In Kuba trägt der Name Castro noch immer politisches Gewicht. Für viele ist er Mythos, Machtgeschichte und Trauma zugleich. Sandro Castro, Enkel des 2016 gestorbenen Revolutionsführers Fidel Castro, scheint daraus vor allem eines machen zu wollen: eine Marke.
Der 33-Jährige betreibt Nachtclubs in Havanna, inszeniert sich auf Instagram mit provokanten Videos und äußert sich inzwischen offen politisch – zumindest so weit, wie es in Kuba möglich ist. In einem Gespräch sagte er nun, viele Kubaner dächten längst kapitalistisch. Mehr noch: „Ich denke, die Mehrheit der Kubaner will kapitalistisch sein, nicht kommunistisch.“
Es ist ein Satz, der auf der Insel schwerer wiegt, als er auf den ersten Blick klingt. Nicht nur, weil er aus dem Mund eines Castro kommt. Sondern auch, weil er den Widerspruch verdichtet, der Kuba seit Jahren prägt: Ein sozialistischer Staat, dessen Realität längst von Mangel, Improvisation und dem Wunsch nach privatem Auskommen bestimmt wird.
Ein Castro als Social-Media-Figur
Wenn die Castros für manche Kubaner so etwas wie eine politische Dynastie sind, dann ist Sandro Castro ihr auffälligster Ausreißer. Während andere Familienmitglieder über Jahrzehnte weitgehend abgeschirmt blieben, sucht er die Öffentlichkeit geradezu demonstrativ.
Auf Instagram folgen ihm mehr als 150.000 Menschen. Dort zeigt er sich in Nachtclubs, mit Bier in der Hand, in Designerklamotten, mit spöttischen Clips über Stromausfälle, Benzinknappheit und die politische Krise des Landes. Seine Videos schwanken zwischen Satire, Selbstvermarktung und kalkulierter Provokation.
Der Effekt ist vorhersehbar:
In einem Land, in dem stabiles Internet vielerorts noch immer Luxus ist, wirkt ein Castro-Enkel, der sich wie ein Influencer inszeniert, fast wie eine Figur aus einer Parallelrealität.
Privilegien in einem Land des Mangels
Dass Sandro Castro polarisiert, liegt nicht nur an seinen Aussagen, sondern an der Fallhöhe zwischen seinem Lebensstil und der Lage vieler Kubaner.
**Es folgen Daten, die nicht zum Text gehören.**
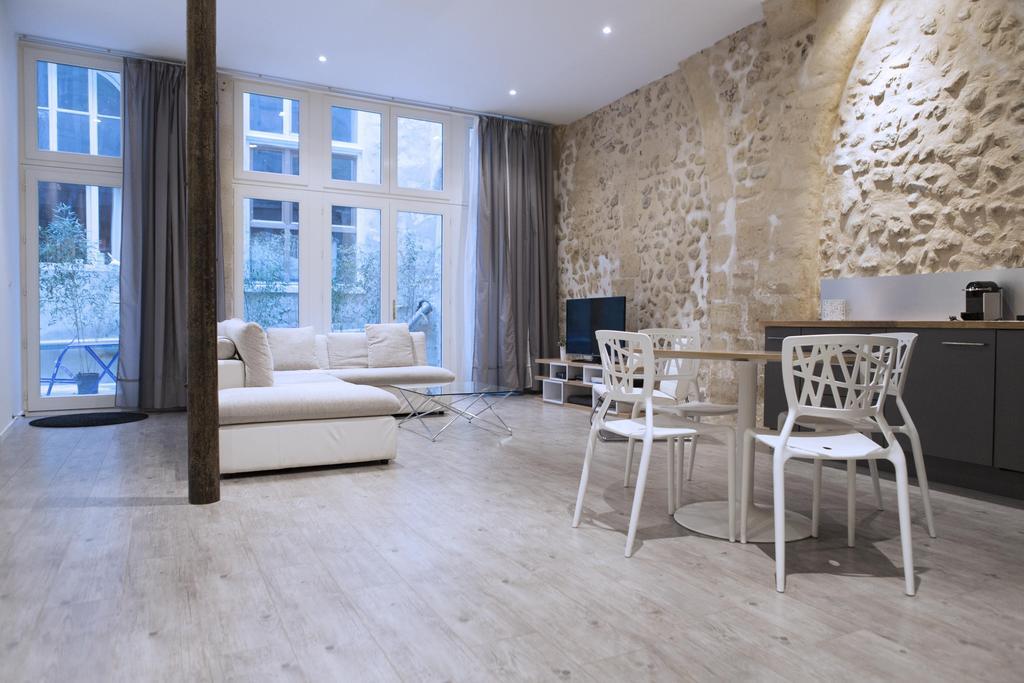 Ausone Beautiful Loft Apartment In Historical Center + Terrace And Parking Bordeaux Kültér fotó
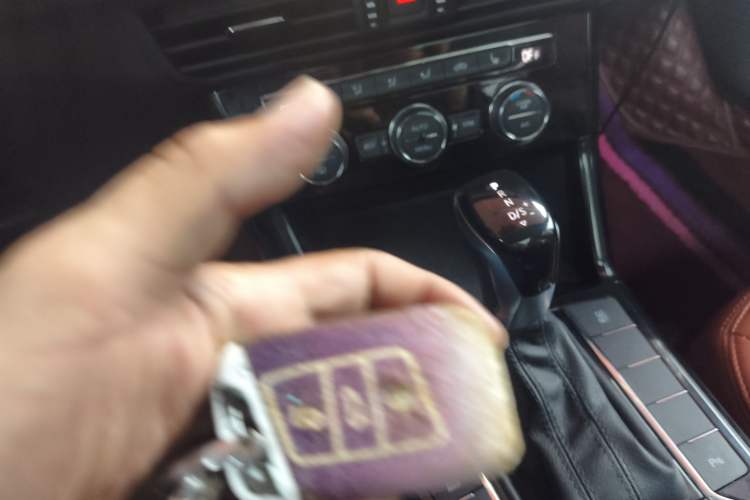 Used Volkswagen Passat 2019 330TSI Elite Edition China VI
Während große Teile der Bevölkerung unter:
- Stromausfällen
- Wassermangel
- Lebensmittelknappheit
- Treibstoffkrisen
- und einem dramatischen Kaufkraftverlust
leiden, zeigt sich Castro in einem modern ausgestatteten Apartment in Havanna, mit importierten Geräten, gekühltem Bier und eigener Stromversorgung über einen EcoFlow-Batteriegenerator.
Er selbst bestreitet, im Luxus zu leben. Er sei nicht „Dubai-reich“, sagt er. Keine Yachten, keine Paläste, nicht einmal genug Benzin fürs Auto. In einem Land, in dem das durchschnittliche Monatseinkommen teils unter 20 Dollar liegt, wirkt diese Relativierung allerdings unerquicklich.
Dass sein Nachtclub nach eigenen Angaben „nur“ 50.000 Dollar gekostet habe, dürfte für viele Kubaner weniger beruhigend als entlarvend sein.
Die Wut von links und rechts
Sandro Castro gehört damit zu jenen seltenen Figuren, die in Kuba nahezu alle politischen Lager gegen sich aufbringen.
Für viele Exilkubaner, die nach der Revolution 1959 flohen, verkörpert er die Ironie der Geschichte: ein Nachfahre eines Systems, das private Unternehmen jahrzehntelang bekämpfte – und nun selbst vom Glamour, Konsum und Unternehmertum lebt.
Für linientreue Revolutionäre ist er das Gegenteil: ein Verräter an der alten Idee, der aus seinem Nachnamen Kapital schlägt und das revolutionäre Erbe für Klicks und Aufmerksamkeit ausbeutet.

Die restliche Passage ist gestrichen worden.